George Devol, maker of the revolutionary mechanical arm, died last week at age 99. A primarily self-taught inventor, Devol created a robotic arm that could be programmed to repeat tasks such as lifting and grasping in the early 1950s.
It was the first of its kind, and in 1961, Devol received a patent for his new technology, which he named Universal Automation (now known as Unimation). General Motors was the first to put this equipment into effect on their assembly line, replacing factory workers and using the arm to lift and stack the hot metal used in die-casting.
By 1966, Unimates were being used by several other automotive companies to complete a variety of potentially hazardous jobs, like welding and applying adhesives. Nearly 40 years later, the Institute of Electrical and Electronics Engineers estimated that over 950,000 industrial robots were in operation all over the world.

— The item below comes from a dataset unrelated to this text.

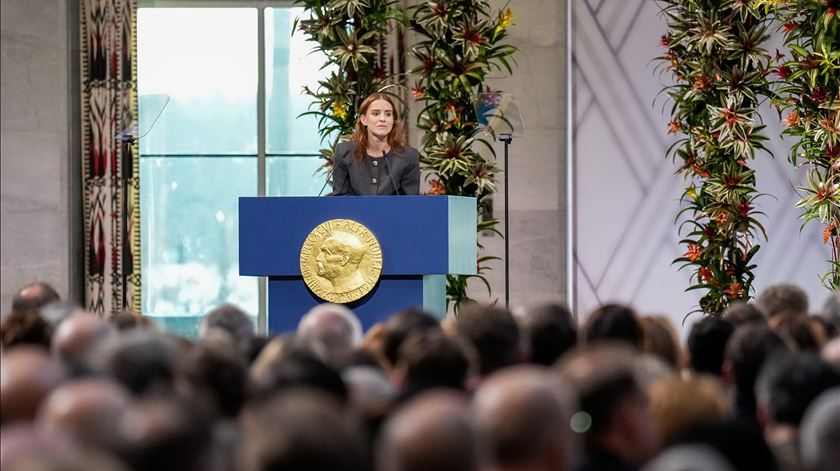 “Democracia é essencial para a paz.” Filha de María Corina Machado emociona em Oslo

In 2005, Popular Mechanics recognized Devol’s creation as one of the top 50 inventions of the last 50 years, listed right between cordless tools and the communications satellite. As if that were enough of an accolade, Devol was inducted into the National Inventor’s Hall of Fame in May of this year.
The original Unimate now resides at the Smithsonian Institution, and is said to represent “the foundation of the modern robotics industry. Today, industrial robots have transformed factories into safer places and improved products with precision and consistency.”
Much thanks to Mr. Devol for his brilliance and innovation. He will be missed!